Task instructions:
Working from the records below, repeat exactly the lines starting at the line that contains "2310 S Warnock Street, Philadelphia PA 19148" and ending at the line that contains "Wiesloch, Bádensko-Württembersko Pronájem", inclusive.

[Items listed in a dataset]
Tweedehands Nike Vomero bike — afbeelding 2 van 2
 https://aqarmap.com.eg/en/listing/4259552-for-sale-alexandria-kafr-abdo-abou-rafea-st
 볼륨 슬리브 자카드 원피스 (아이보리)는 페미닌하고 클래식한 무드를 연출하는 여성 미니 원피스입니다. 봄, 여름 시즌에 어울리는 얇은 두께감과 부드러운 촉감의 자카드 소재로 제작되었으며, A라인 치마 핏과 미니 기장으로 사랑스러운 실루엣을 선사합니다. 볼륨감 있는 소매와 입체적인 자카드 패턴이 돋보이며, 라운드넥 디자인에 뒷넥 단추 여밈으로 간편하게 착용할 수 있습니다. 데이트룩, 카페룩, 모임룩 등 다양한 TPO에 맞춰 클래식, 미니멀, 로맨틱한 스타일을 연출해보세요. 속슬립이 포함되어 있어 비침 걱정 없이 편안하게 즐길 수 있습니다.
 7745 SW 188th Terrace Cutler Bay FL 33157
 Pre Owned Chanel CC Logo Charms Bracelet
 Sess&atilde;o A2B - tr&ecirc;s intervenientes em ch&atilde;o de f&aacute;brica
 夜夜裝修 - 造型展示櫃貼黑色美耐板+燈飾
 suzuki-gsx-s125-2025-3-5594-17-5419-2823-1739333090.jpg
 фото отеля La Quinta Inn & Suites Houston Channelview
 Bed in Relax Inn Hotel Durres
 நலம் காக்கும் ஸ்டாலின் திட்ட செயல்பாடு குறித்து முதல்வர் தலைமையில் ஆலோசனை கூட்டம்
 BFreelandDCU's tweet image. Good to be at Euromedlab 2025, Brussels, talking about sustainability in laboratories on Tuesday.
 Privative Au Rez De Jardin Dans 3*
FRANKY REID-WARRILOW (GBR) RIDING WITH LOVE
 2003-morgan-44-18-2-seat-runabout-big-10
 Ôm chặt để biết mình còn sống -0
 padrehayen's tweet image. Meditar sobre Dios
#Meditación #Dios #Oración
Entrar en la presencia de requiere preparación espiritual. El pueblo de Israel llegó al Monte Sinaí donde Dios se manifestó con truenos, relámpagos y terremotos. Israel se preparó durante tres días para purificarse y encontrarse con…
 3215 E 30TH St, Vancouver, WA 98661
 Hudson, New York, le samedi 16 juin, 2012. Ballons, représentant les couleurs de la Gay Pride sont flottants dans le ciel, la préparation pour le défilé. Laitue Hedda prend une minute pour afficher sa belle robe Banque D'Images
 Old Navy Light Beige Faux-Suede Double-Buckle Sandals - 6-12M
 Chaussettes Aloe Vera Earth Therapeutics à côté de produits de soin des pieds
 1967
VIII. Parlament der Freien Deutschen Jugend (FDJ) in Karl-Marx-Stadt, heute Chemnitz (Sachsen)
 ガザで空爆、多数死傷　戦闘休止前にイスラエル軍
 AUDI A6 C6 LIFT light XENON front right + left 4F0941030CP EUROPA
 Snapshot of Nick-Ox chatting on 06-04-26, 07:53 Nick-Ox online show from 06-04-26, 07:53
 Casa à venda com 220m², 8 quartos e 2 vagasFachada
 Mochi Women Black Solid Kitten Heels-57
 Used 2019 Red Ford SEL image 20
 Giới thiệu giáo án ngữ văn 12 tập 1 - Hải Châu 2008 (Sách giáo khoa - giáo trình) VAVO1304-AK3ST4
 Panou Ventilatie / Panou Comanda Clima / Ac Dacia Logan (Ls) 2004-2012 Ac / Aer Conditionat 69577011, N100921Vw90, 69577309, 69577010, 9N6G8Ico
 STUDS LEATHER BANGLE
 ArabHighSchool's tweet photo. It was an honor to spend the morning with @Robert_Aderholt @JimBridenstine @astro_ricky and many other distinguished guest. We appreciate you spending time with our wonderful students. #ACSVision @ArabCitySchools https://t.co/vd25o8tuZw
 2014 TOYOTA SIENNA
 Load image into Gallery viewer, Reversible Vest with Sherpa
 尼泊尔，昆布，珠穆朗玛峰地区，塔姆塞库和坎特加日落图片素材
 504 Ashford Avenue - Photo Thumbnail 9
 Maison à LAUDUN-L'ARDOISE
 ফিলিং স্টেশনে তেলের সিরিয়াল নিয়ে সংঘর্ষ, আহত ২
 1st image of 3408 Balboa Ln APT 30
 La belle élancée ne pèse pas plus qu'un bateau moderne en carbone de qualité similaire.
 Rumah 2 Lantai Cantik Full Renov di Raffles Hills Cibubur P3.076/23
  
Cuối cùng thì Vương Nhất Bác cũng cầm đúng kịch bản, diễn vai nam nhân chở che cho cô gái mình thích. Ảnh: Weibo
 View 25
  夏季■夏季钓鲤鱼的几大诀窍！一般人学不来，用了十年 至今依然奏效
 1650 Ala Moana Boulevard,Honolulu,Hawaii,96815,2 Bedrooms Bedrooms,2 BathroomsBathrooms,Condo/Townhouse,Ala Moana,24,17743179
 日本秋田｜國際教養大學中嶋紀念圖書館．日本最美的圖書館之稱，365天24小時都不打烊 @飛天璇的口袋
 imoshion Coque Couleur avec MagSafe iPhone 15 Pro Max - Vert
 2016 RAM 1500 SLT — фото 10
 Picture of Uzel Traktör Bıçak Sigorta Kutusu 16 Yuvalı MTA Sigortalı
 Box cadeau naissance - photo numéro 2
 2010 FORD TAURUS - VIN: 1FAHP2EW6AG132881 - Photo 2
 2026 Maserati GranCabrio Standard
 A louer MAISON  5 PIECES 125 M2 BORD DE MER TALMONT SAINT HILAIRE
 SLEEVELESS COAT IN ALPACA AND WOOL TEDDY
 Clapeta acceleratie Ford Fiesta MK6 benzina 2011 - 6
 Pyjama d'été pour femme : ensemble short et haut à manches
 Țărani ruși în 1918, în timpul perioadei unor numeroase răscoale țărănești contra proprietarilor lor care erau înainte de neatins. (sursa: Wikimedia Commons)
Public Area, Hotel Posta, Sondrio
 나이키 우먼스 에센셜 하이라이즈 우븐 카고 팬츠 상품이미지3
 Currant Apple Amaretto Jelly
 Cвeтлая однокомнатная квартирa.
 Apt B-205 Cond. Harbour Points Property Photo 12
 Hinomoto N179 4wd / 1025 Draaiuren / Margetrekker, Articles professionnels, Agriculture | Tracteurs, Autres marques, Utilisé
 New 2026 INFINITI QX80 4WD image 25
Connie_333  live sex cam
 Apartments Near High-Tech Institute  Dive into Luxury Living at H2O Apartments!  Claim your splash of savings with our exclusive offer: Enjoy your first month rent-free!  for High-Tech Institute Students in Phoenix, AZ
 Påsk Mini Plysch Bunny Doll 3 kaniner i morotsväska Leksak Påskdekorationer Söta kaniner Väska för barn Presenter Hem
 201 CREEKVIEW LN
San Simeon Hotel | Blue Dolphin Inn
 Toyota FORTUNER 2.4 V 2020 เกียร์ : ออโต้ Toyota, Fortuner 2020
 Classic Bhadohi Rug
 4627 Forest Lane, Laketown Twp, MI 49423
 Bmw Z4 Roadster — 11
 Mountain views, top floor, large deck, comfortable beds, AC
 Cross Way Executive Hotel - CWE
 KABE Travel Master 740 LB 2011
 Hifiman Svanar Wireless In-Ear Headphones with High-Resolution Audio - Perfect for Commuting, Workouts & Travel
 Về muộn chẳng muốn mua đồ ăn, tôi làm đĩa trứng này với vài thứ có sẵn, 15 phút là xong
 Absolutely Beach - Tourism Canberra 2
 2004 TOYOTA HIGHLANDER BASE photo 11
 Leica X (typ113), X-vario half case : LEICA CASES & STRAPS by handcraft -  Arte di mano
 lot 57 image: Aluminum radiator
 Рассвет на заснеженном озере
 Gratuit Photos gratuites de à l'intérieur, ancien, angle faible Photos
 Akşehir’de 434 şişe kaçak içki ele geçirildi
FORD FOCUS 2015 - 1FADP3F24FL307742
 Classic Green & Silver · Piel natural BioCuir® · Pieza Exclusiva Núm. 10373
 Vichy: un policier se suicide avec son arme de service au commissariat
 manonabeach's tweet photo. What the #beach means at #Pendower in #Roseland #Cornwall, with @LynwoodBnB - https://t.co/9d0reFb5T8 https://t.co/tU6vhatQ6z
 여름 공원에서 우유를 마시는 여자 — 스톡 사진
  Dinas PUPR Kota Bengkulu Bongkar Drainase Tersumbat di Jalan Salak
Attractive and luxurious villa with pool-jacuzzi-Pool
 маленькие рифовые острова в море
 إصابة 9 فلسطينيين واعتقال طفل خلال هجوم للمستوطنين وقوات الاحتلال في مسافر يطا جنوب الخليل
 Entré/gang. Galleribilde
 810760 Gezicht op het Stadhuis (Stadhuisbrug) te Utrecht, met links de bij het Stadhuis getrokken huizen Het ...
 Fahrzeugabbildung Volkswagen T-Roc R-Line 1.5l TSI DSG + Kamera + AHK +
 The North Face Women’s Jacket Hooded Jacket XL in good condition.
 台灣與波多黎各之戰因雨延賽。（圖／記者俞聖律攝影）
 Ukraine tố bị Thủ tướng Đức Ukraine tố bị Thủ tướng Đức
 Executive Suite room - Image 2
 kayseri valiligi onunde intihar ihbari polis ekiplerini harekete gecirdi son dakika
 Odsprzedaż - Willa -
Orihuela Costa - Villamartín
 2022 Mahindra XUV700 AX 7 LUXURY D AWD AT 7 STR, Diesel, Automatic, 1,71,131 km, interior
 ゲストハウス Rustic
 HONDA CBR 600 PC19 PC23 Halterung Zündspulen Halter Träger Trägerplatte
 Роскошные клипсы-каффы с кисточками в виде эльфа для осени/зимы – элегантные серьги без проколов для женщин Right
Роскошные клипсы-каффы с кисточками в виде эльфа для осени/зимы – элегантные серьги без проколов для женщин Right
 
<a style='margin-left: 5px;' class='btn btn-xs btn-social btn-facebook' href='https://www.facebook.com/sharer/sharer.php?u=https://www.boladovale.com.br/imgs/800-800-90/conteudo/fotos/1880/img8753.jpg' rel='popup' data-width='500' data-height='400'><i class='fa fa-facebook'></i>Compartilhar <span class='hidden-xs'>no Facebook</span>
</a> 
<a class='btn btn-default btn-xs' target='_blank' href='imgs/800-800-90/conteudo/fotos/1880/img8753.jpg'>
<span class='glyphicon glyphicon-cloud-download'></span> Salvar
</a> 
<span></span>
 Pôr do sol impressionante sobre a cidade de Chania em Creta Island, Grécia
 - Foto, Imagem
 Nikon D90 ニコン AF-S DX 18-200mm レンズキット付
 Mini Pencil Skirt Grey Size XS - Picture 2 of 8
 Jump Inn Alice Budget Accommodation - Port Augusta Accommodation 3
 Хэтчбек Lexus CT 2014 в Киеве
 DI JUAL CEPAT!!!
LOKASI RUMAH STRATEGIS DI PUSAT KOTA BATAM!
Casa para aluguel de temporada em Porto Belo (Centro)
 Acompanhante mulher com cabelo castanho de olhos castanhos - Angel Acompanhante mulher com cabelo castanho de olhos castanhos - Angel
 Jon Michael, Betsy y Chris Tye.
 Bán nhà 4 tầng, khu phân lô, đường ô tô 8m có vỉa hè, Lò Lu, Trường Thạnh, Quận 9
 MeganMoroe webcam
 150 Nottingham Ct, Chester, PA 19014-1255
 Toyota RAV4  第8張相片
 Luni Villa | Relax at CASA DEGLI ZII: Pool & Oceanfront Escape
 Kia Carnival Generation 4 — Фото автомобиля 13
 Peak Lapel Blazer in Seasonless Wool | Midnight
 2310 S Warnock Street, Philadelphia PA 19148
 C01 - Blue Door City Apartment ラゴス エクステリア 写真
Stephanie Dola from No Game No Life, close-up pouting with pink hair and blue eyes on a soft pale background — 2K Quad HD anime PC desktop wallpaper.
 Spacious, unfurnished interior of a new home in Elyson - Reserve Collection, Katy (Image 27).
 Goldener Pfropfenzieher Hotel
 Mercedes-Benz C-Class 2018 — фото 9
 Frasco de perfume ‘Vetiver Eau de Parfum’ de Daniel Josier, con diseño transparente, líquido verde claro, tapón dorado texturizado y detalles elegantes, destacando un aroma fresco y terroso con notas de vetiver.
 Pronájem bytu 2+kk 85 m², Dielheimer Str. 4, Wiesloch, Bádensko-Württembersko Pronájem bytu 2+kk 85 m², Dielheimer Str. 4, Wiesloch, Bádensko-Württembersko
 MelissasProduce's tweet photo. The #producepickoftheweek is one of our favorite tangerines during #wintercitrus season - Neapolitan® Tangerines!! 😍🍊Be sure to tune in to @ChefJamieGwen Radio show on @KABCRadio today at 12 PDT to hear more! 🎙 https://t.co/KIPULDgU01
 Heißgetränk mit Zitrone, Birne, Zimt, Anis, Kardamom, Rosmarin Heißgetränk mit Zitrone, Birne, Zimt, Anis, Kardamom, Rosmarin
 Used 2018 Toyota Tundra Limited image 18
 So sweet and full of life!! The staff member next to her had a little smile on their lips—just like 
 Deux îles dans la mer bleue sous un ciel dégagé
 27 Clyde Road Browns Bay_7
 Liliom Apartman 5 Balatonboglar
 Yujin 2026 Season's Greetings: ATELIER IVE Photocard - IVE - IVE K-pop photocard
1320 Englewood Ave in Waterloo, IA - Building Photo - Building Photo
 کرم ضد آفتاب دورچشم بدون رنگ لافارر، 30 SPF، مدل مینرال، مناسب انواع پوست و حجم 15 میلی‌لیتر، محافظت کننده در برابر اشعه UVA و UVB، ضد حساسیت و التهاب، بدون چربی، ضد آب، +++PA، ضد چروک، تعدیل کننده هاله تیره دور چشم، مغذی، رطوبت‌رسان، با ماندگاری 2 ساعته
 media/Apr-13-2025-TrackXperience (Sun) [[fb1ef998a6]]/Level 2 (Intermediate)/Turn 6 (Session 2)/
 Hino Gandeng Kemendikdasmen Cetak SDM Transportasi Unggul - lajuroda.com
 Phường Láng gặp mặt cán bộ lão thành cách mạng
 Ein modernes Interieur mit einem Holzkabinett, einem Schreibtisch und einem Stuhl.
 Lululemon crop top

Output of the task:
 2310 S Warnock Street, Philadelphia PA 19148
 C01 - Blue Door City Apartment ラゴス エクステリア 写真
Stephanie Dola from No Game No Life, close-up pouting with pink hair and blue eyes on a soft pale background — 2K Quad HD anime PC desktop wallpaper.
 Spacious, unfurnished interior of a new home in Elyson - Reserve Collection, Katy (Image 27).
 Goldener Pfropfenzieher Hotel
 Mercedes-Benz C-Class 2018 — фото 9
 Frasco de perfume ‘Vetiver Eau de Parfum’ de Daniel Josier, con diseño transparente, líquido verde claro, tapón dorado texturizado y detalles elegantes, destacando un aroma fresco y terroso con notas de vetiver.
 Pronájem bytu 2+kk 85 m², Dielheimer Str. 4, Wiesloch, Bádensko-Württembersko Pronájem bytu 2+kk 85 m², Dielheimer Str. 4, Wiesloch, Bádensko-Württembersko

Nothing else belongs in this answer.